Frederick Brockway Deknatel (March 9, 1905 – November 3, 1973) was an American art historian and educator. Deknatel was the William Door Boardman Professor of Fine Arts at Harvard University from 1942 to 1972.

Career
Born in Chicago, Deknatel graduated from the Lawrenceville School in 1924. He then earned a Bachelor of Arts in history from Princeton University in 1928. Deknatel married Virginia Herrick three years later, and received a Doctor of Philosophy in art history from Harvard University in 1935. He wrote a doctoral dissertation on thirteenth-century Gothic sculpture in the Burgos and León Cathedral. However, Deknatel soon gained an interest in modern art of the nineteenth and twentieth centuries.

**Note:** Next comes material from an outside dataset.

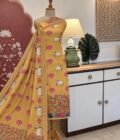 Hand Highlighted Pichwai Mul Cotton Unstitched Salwar Suit by Ikhtirah (Pastel Mustard)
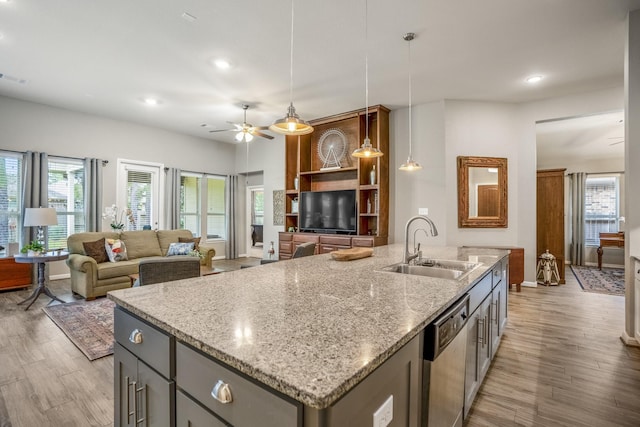 kitchen with a kitchen island with sink, gray cabinetry, wood finished floors, a sink, and dishwasher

Five years after graduating, Deknatel was hired as associate professor of fine arts at Harvard, and was made full professor in 1946. In the mid-1940s, he took on a number of important administrative roles, including the assistant dean of Harvard College (1942-1945), chair of the Department of Fine Arts (1944-1949), and president of the College Art Association (1947-1948).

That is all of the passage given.